** Your objective **
Only the lines from the line with "Close-up picture illustration" through the end of the records belong in your reply, copied exactly, with every picture left out.

** Dataset excerpts **
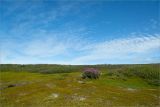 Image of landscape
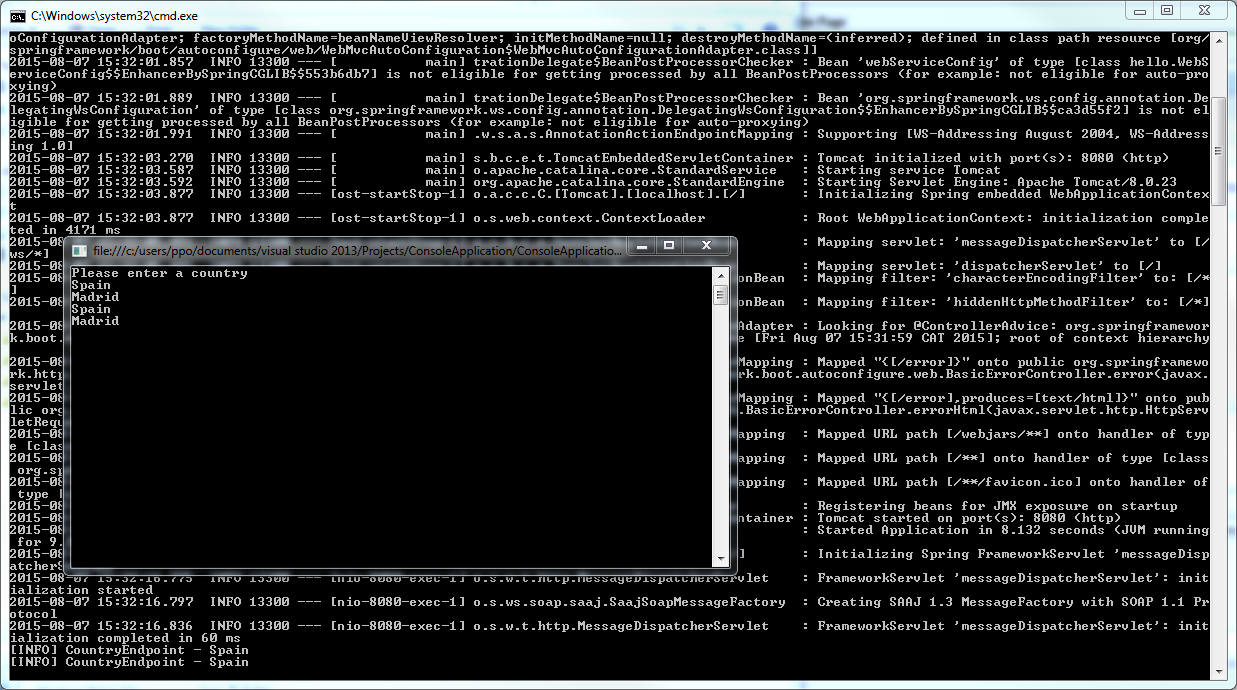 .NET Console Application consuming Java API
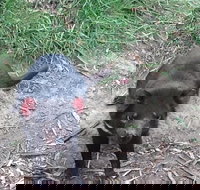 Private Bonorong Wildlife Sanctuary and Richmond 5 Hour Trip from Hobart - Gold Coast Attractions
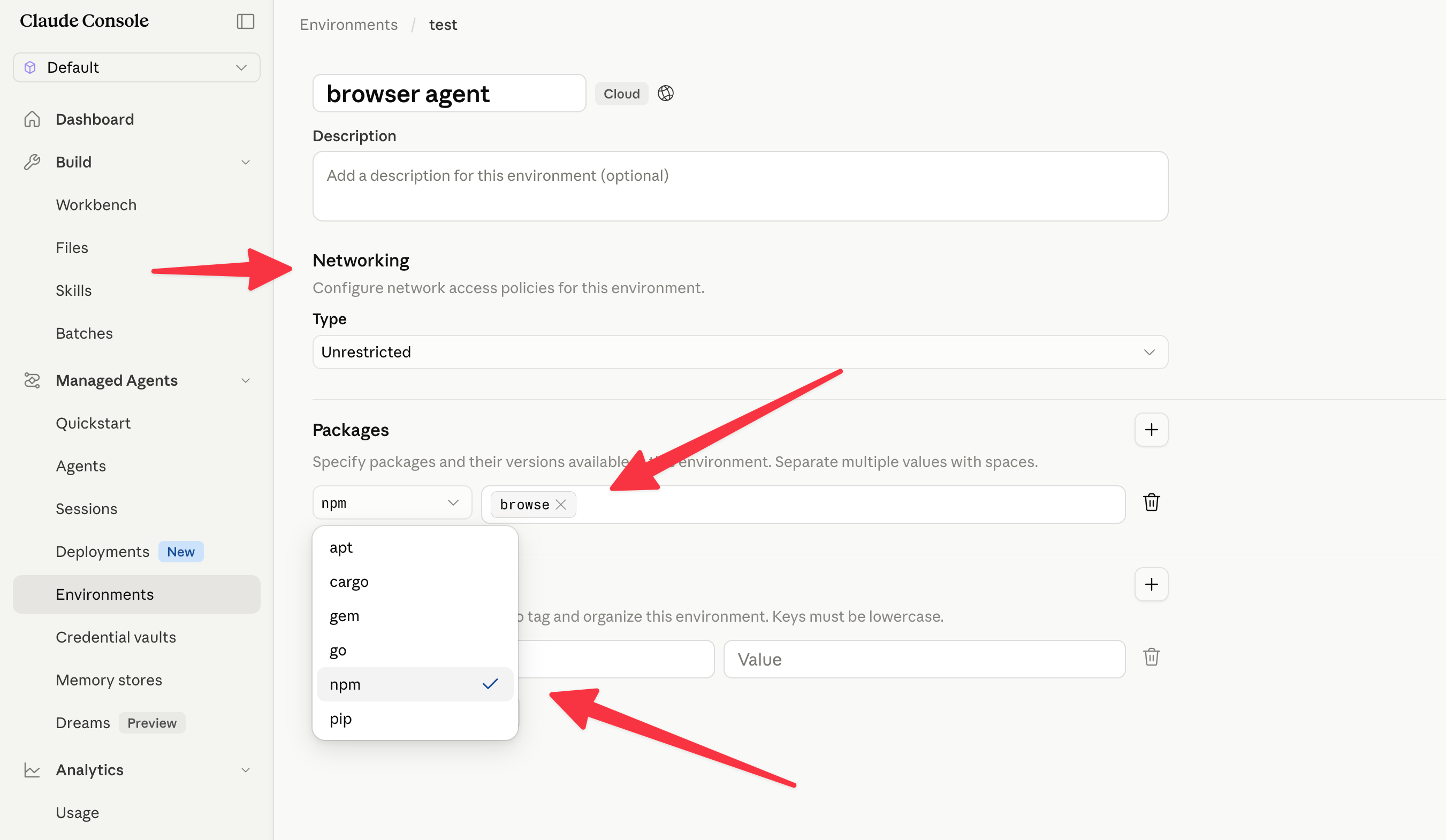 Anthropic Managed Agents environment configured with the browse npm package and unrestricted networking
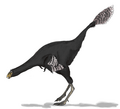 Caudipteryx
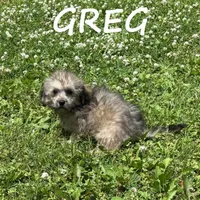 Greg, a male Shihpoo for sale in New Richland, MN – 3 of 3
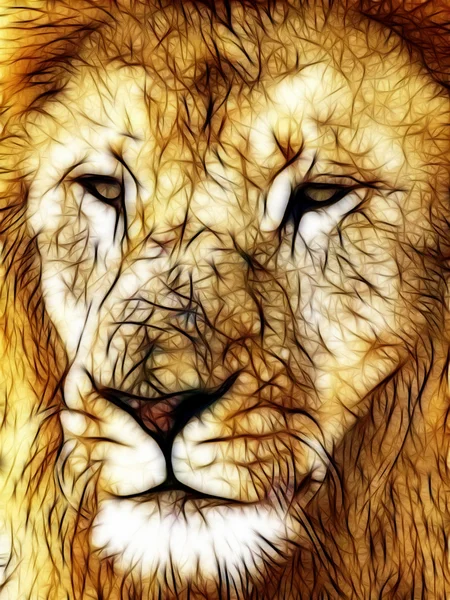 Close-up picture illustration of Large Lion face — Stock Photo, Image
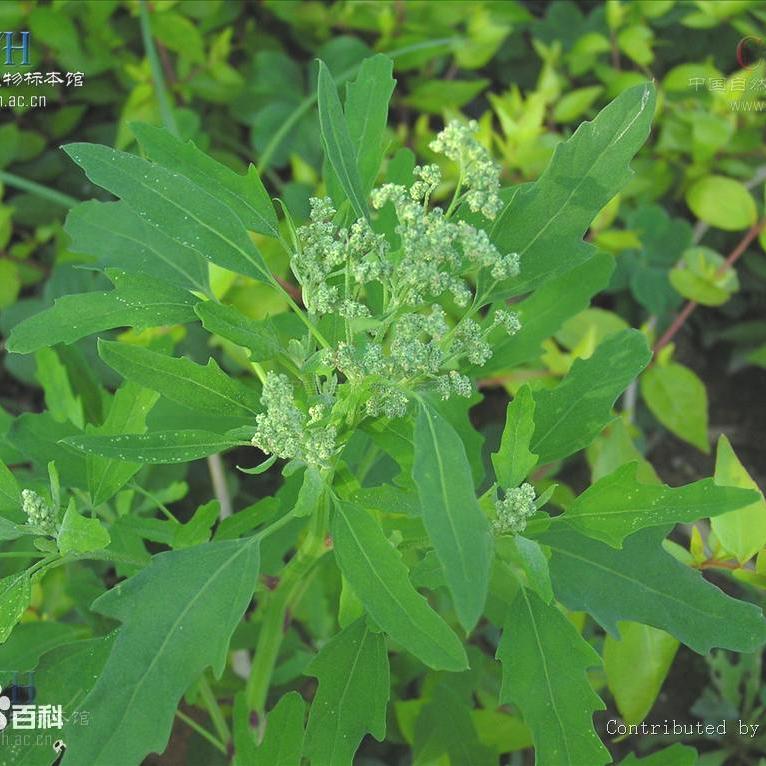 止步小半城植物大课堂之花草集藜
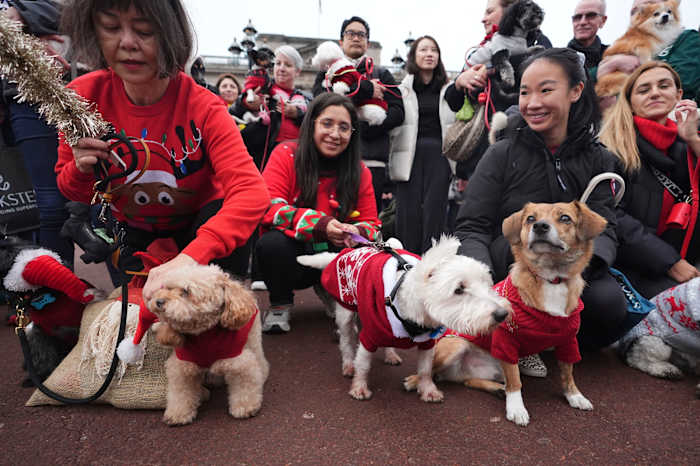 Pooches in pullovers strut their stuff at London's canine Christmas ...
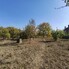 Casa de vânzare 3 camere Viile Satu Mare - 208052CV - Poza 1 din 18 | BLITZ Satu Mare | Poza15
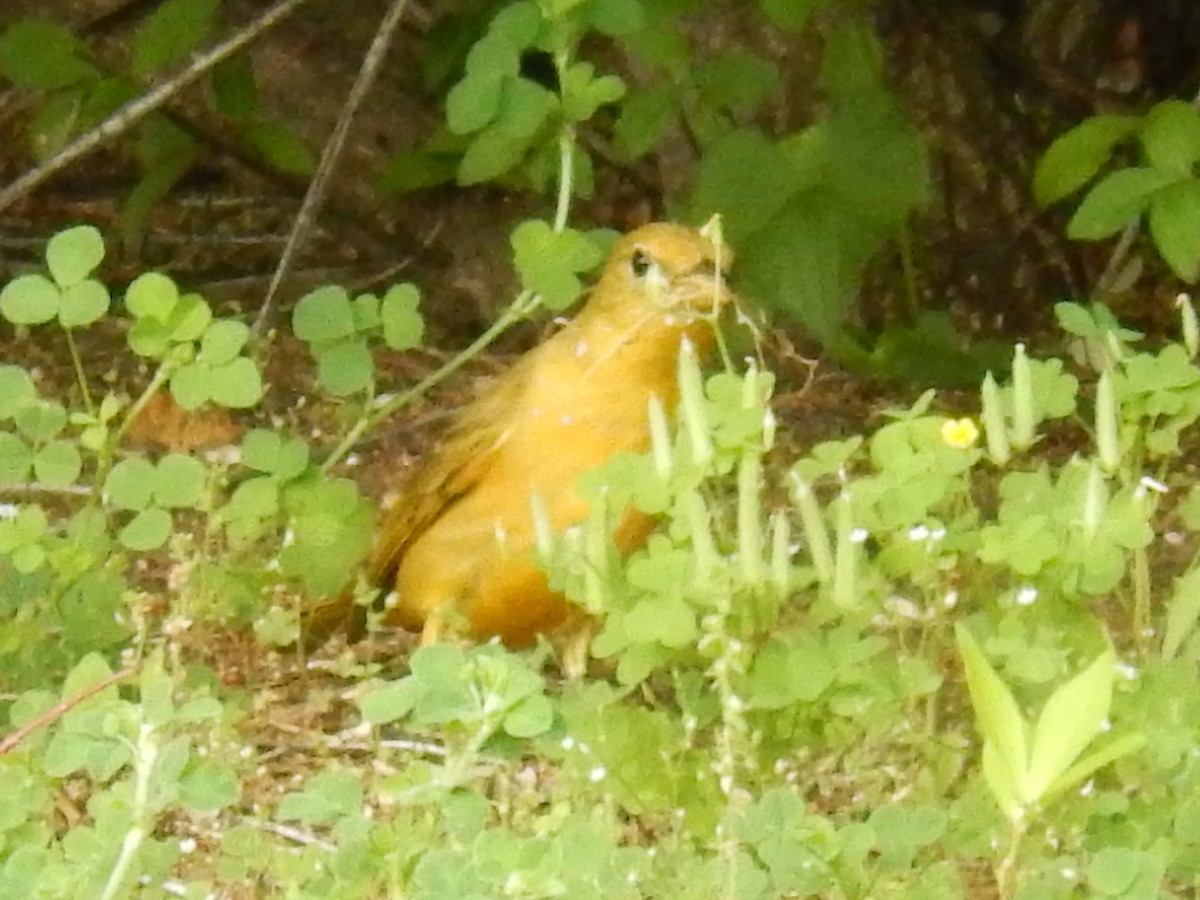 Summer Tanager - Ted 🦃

** Task answer **
 Close-up picture illustration of Large Lion face — Stock Photo, Image
 止步小半城植物大课堂之花草集藜
 Pooches in pullovers strut their stuff at London's canine Christmas ...
 Casa de vânzare 3 camere Viile Satu Mare - 208052CV - Poza 1 din 18 | BLITZ Satu Mare | Poza15
 Summer Tanager - Ted 🦃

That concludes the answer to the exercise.